## What the exercise asks
Could you return each entry below exactly as written, minus any pictures?

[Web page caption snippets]
-- Opening Marker --

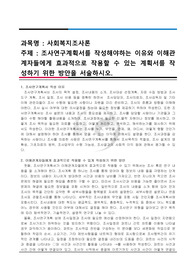 조사연구계획서를 작성해야하는 이유와 이해관계자들에게 효과적으로 작용할 수 있는 계획서를 작성하기 위한 방안을 서술하시오.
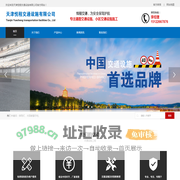 标志杆-标志牌-道路标线-车位划线-交通信号灯-天津悦程交通设施有限公司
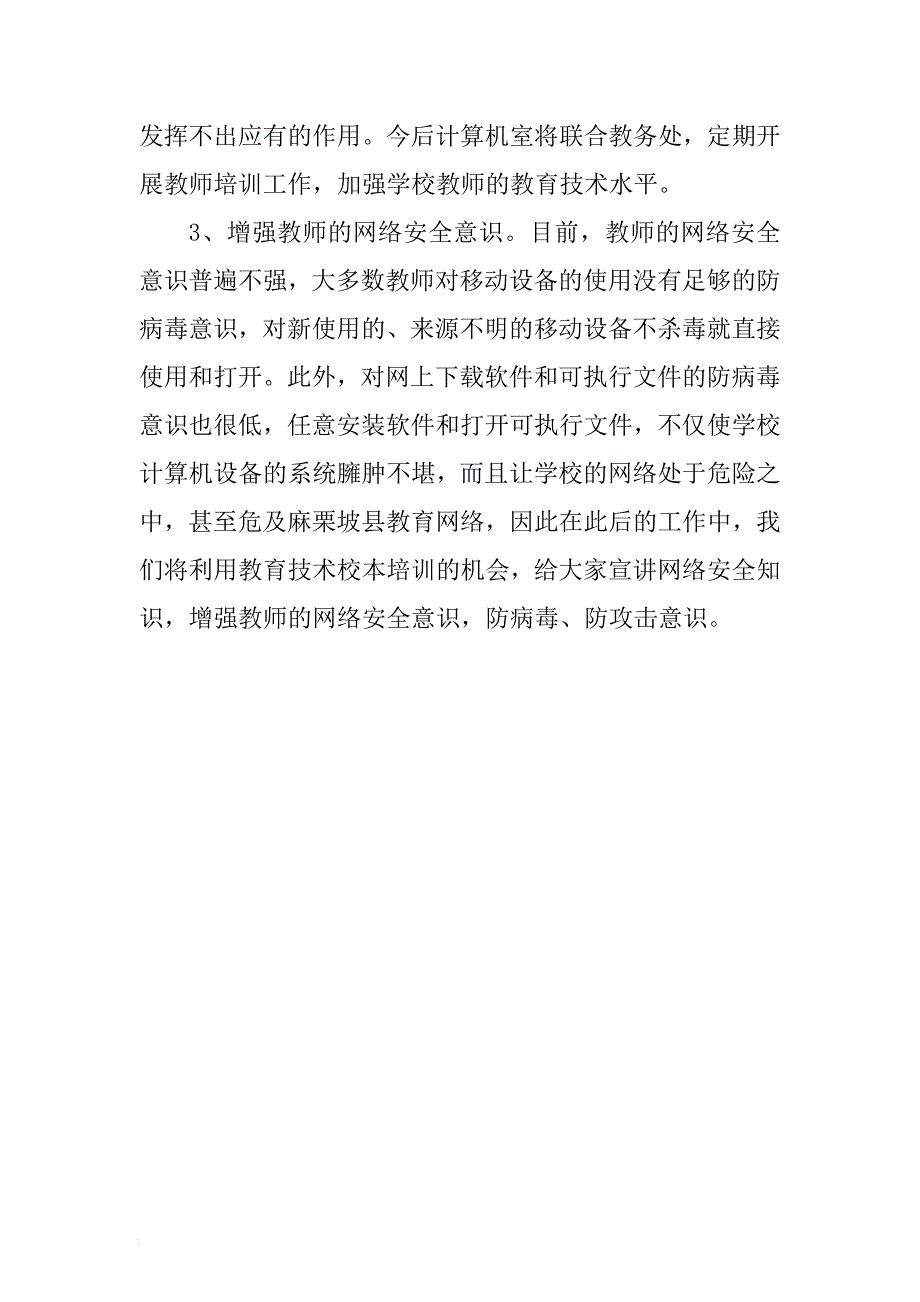 小学计算机室自检自查报告 .docx_第4页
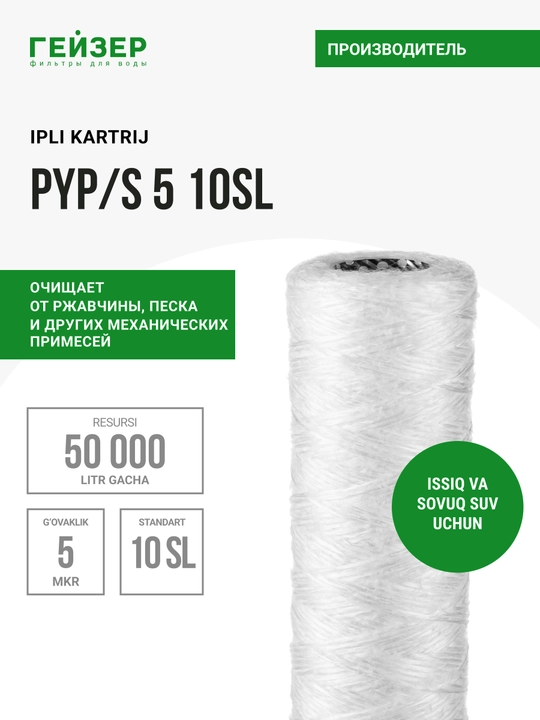 Картридж механика PYP/S 5 - 10SL для горячей и холодной воды, полипропиленовая нить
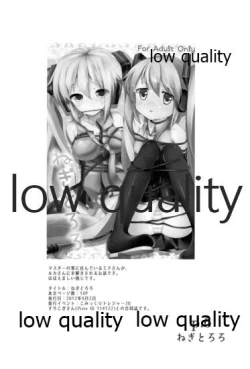 Page 7 of Yuunagi Shouroku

-- Closing Marker --

## Response to this exercise
 조사연구계획서를 작성해야하는 이유와 이해관계자들에게 효과적으로 작용할 수 있는 계획서를 작성하기 위한 방안을 서술하시오.
 标志杆-标志牌-道路标线-车位划线-交通信号灯-天津悦程交通设施有限公司
 小学计算机室自检自查报告 .docx_第4页
 Картридж механика PYP/S 5 - 10SL для горячей и холодной воды, полипропиленовая нить
 Page 7 of Yuunagi Shouroku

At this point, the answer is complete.